Presentation information

[JJ] Oral

S (Solid Earth Sciences) » S-GL Geology

[S-GL36] [JJ] Regional geology and tectonics

Mon. May 22, 2017 1:45 PM - 3:15 PM A09 (Tokyo Bay Makuhari Hall)

convener:Takeshi Yamagata(Department of Natural Sciences, Komazawa university), Makoto Otsubo(National Institute of Advanced Industrial Science and Technology (AIST), Institute of Earthquake and Volcano Geology), Chairperson:Hiroyuki Hoshi(Department of Science Education, Aichi University of Education)

2:30 PM - 2:45 PM

[SGL36-12] Late Pleistocene and Holocene stratigraphy of the Gulf of Saros; new Chirp seismic data

*Bedri Alpar1, Denizhan Vardar1, Hakan Alp2 (1.Istanbul University, Institute of Marine Sciences and Management, 2.Istanbul University, Enginerring Faculty, Geophysical Engineering)

Keywords:seismic stratigraphy, Chirp seismic, Aegean Sea

The Gulf of Saros is located at the eastern margin of the North Aegean Trough (NAT), which is a right-stepping horsetail structure developed at the western termination of the North Anatolian Fault (NAF). Its evolution started in the Middle to Late Miocene, under the NW–SE compression caused by the counterclockwise movement of the Thrace and Biga peninsulas along the Thrace Fault Zone. This presentation presents the stratigraphic setting in this active gulf region, depending on the available seismic data sets and as well as new 300 km-line high-resolution shallow chirp data collected at the eastern margin of the gulf. The shear deformations confirmed that the right-lateral North NAT fault zone (NNAT) and left-lateral South NAT fault zone (SNAT) are the most significant structural elements controlling the NW–SE compression deformation. The Neogene sediments overlie the pre-Early Miocene basement on land. The erosion unconformity between these formations forms a characteristic key surface area on all of the marine seismic records, implying a long hiatus from Miocene to Pleistocene, and with some local erosions.

The deposits above the acoustic basement are divided into four distinctive seismic units. The bottommost unit U1d overlies the pre-Early Miocene basement, and accumulated from the onset of coastal transgression until the time of maximum transgression of the coast, with sediments onlap the underlying erosional truncation surface. The unit U1c comprises fluvial sigmoidal reflections with sediments downlap the underlying unit and show highstand - lowstand period. The unit U1b comprises marginal marine and fluvial sediments deposited during the lowstand period. Finally, the topmost unit U1a and its parallel inner reflections represent the last transgression.

Two different depositional characteristics have been defined in the gulf, as they are separated by an actual fault system.

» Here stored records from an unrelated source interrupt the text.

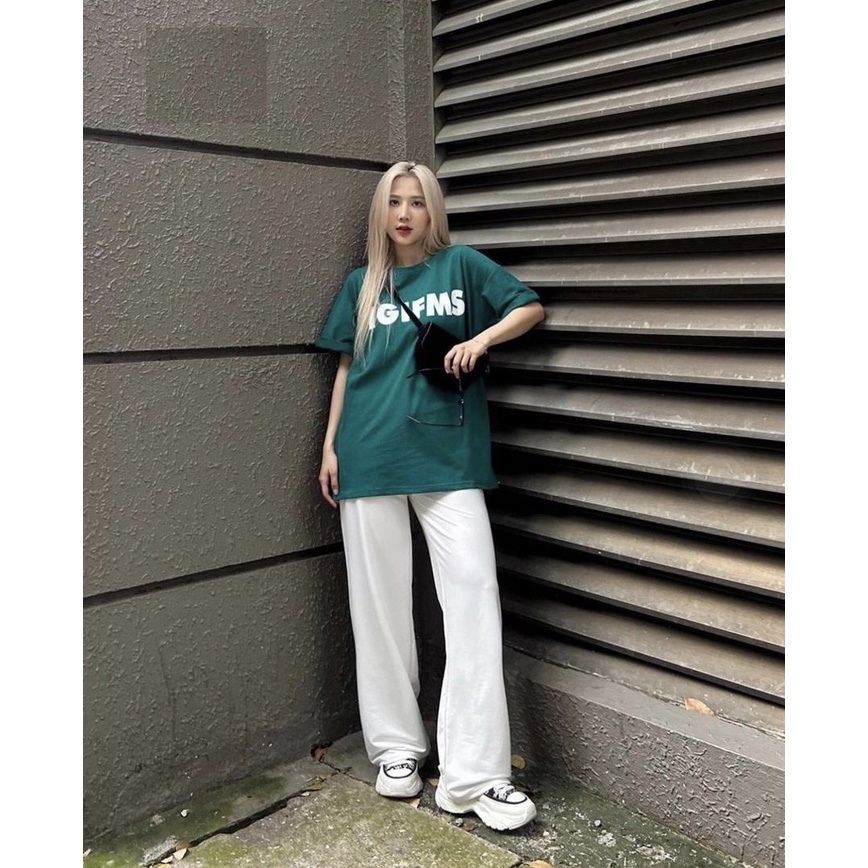 Áo Thun Form Rộng I Got PEONYB Unisex [FREESHIP]  Phông oversize tay lỡ in chữ cá tính đường phố 3158 hàn quốc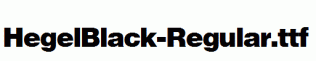 HegelBlack-Regular.ttf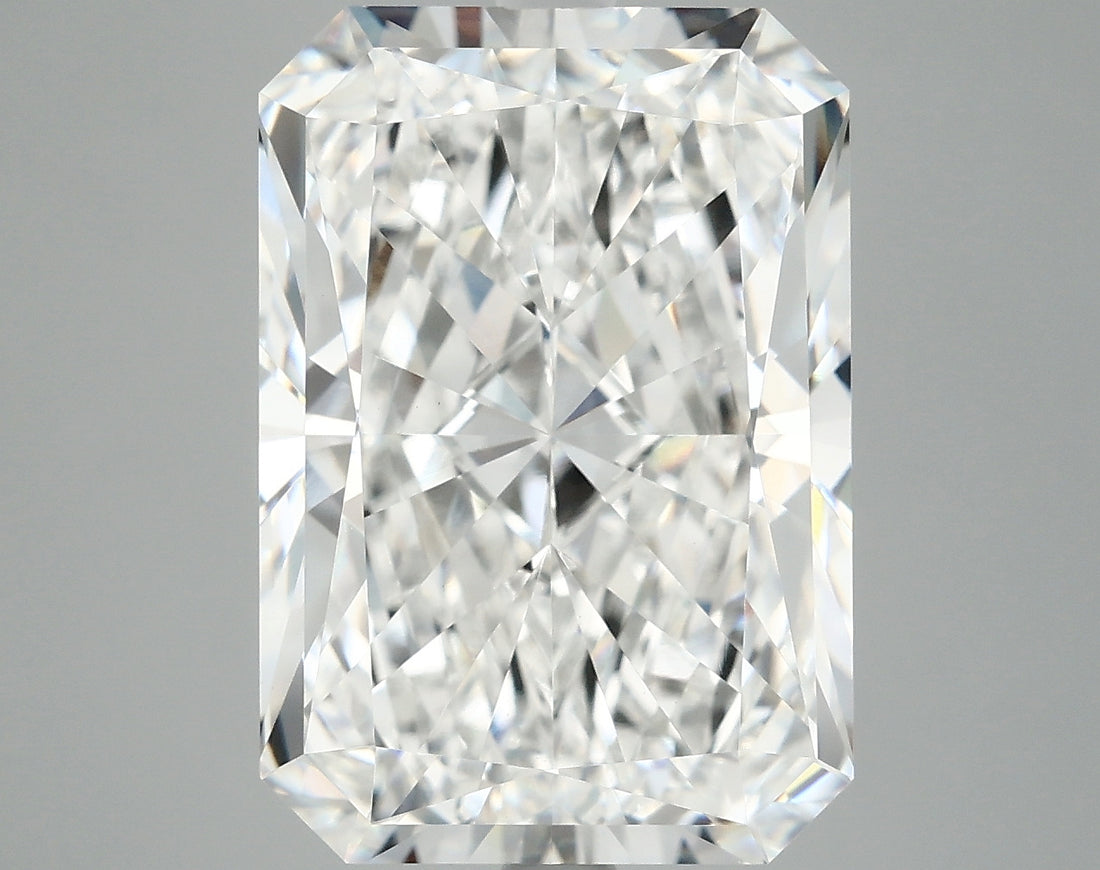 7.26 Carat Radiant Lab Grown Diamond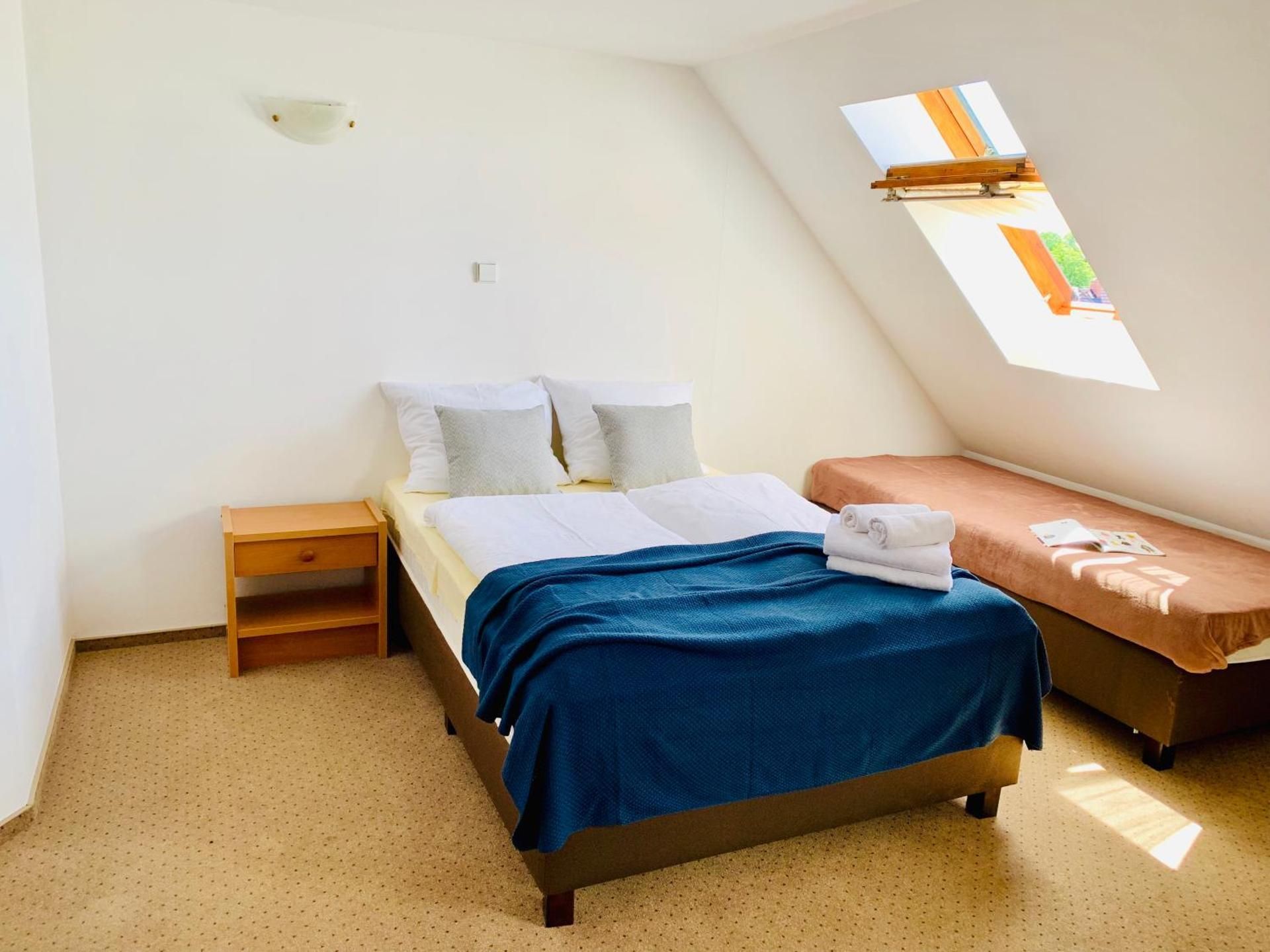 Quadruple Room with Private Bathroom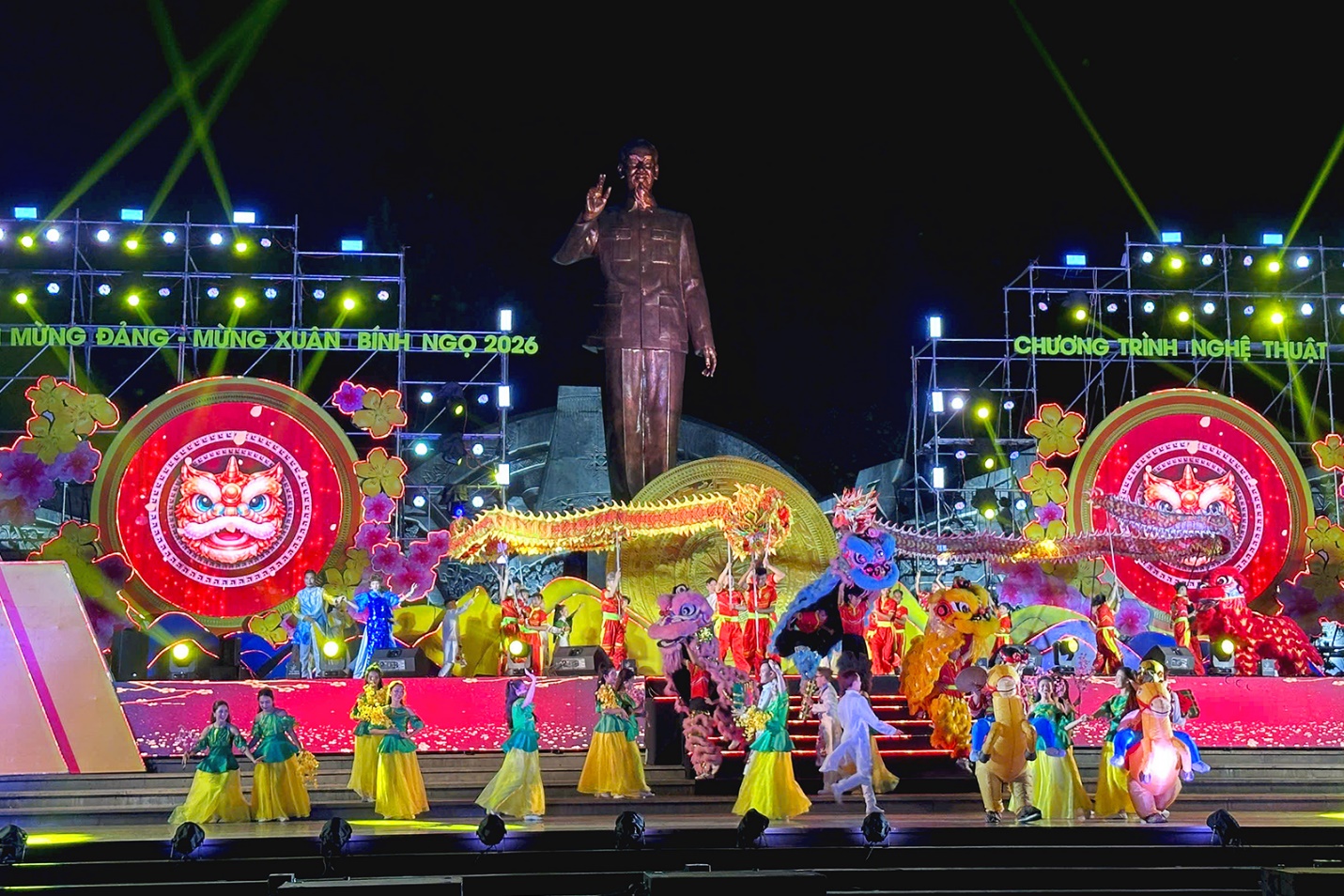 gia lai dat doanh thu du lich dip tet binh ngo dat 900 ty dong. - 4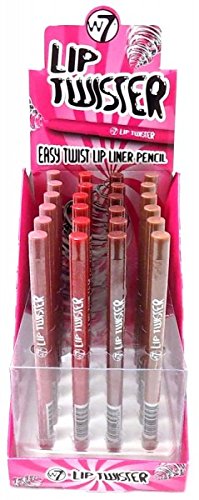 W7 Lip Twister Lip Liner Pencil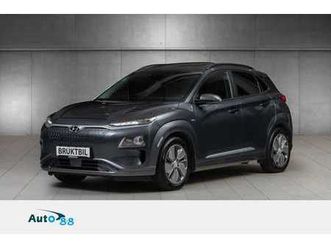 lr premium med skinn/soltak norsk bil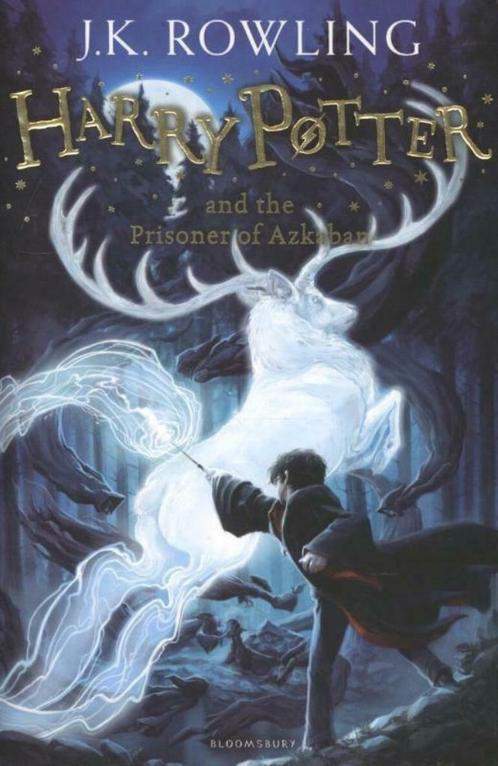 Harry Potter et le prisonnier d'Azkaban, Livres, Livres pour enfants | Jeunesse | 13 ans et plus, Comme neuf, Fiction, Enlèvement ou Envoi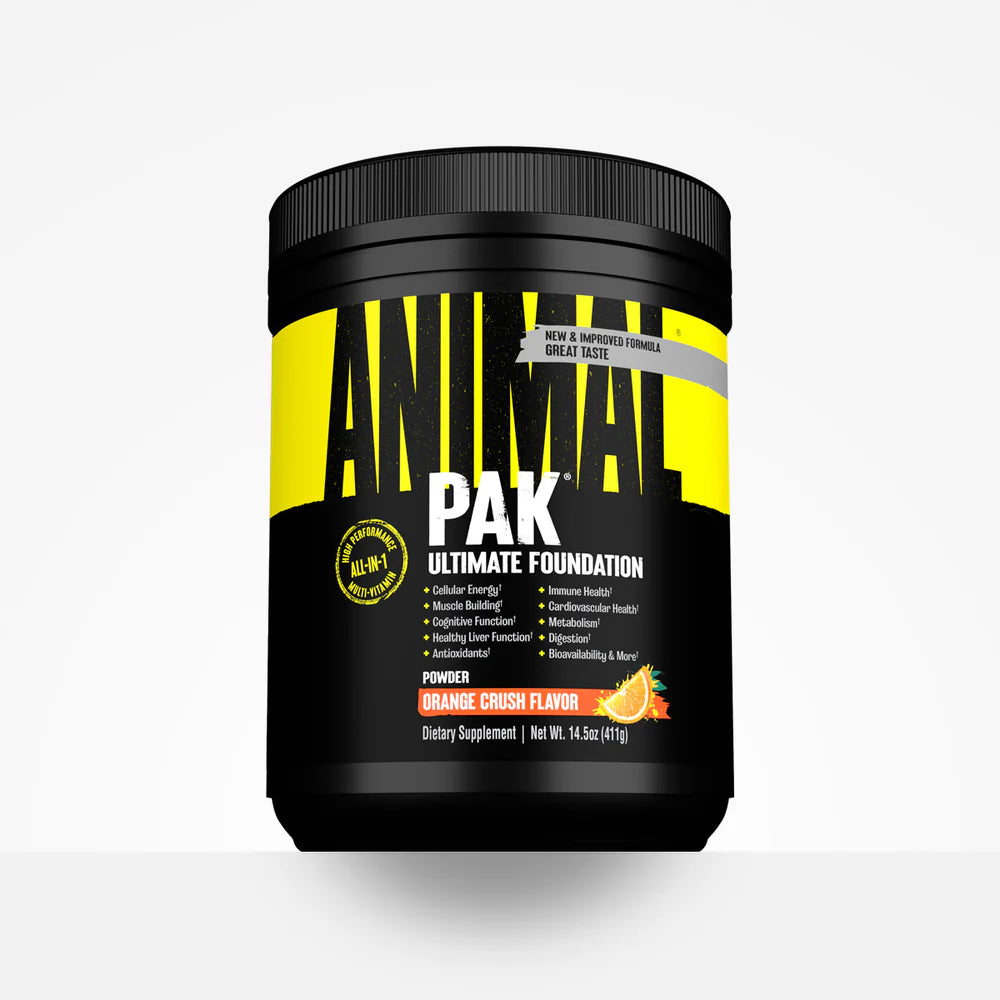 Animal Pak Powder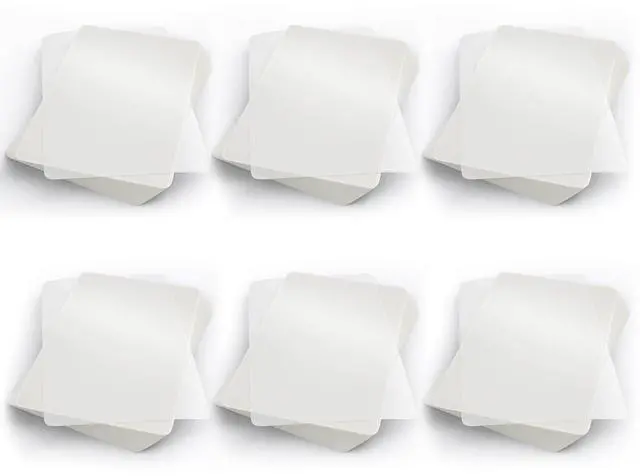 Main image of Thermal Laminating Pouches 3000 Pack, 3 Mil, 9 x 11.5 Inch Laminating Sheets, Letter Size Lamination Sheet Paper for Thermal Laminators, Laminate Sheets for Office, School, and Home Use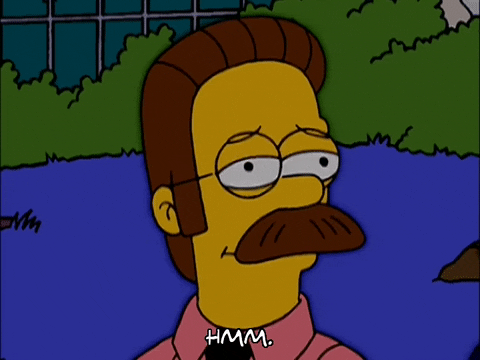 blinking episode 8 GIF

On the southern margin, the transgressive deposits of unit U1a lie directly above the pre-Early Miocene basement while fluvial sigmoidal deposits of the unit U1c and marginal marine and fluvial deposits of the unit U1b can be seen on the northern margin, and they form 30-ms (twt) thick sedimentation deposited under the control of northerly riverine inputs during highstand to lowstand periods. The stratigraphic setting in the gulf supports a dextral movement along the NNAT. The unit U1c is widely distributed in the middle of the studied area. Some buried channel geometries of the rivers, which transported the sediments of unit U1c, have been outlined at the northern sector. In addition, some characteristic sand deposits, equivalent with the unit U1d, were defined at the northern sector of the gulf. All these findings show that the northern margin is under the influence of river aggradation whilst the southern margin was an erosional platform during the last glacial maximum.